CHICAGO (WLS) -- As the Chicago area enters the final hours of early voting, turnout in the city and suburbs has been up according to election officials.
If that is any indication, it could be a busy day at the polls Tuesday for Illinois's primary election.
Early voting numbers in Cook and all collar counties have been higher than last election, especially Lake County. But election officials said that's only a reflection on people who have made up their minds, or like the convenience.
Early voting in Cook County is expected to hit 100,000 voters Monday, big numbers compared to elections four and eight years ago. The City of Chicago said that the early voting period ended Monday night at 7 p.m., 109,029 pre-election ballots had been cast; that's more than double the numbers from 2010 and about triple the amount from 2014.
Hotly contested races are bringing people to the polls early, but not all voters.
"I don't know where the millennials are. So millennials, please come out and vote," said Marisel Hernandez, chairwoman of the Chicago Board of Elections.
The city and country said most of the early voters are 45 and older, and the majority are female and Democrats.

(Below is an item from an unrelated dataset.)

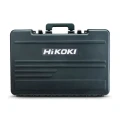 DH52MA.webp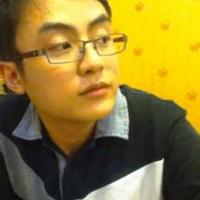 /photo/594998/头像/u=2650066943,119531642&fm=23&gp_1_1_small.jpg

High school teacher Betsy Serilla used early voting as a field trip, encourage her first-time-voter students to exercise their right.
"When it comes to the electoral process, I've explained to them it's their only chance to have a voice on record on who gets elected," she said.
"It felt good, like I felt like I've established I'm old enough to actually make a decision on who I want," said first time voter Cierra Holmes.
The students hope to encourage other young people to vote by posting pictures of their "I voted" bands on social media.
The convenience of voting before Election Day and the governor's race is what brought 26-year-old Rebecca Sutich to the polls Monday.
"I think just knowing that there's a lot of highly-contested elections going on right now, and it's more important than ever, I think, to go out and vote," she said.
Election boards are expecting some races to be very tight; they may come down to mail and provisional ballots. Cook County is also keeping a close eye on potential fraud or hacking.
"We know that the hackers are out there, we work with Homeland Security and the FBI almost every day, in fact they'll be here on Election Day," said Cook County Clerk David Orr.
Orr said there will be plenty of attorneys on site monitoring the elections as well. Early voting ends at 7 p.m. Monday. Regular voting at precinct polling places starts at 6 a.m. Tuesday, and polls close at 7 p.m.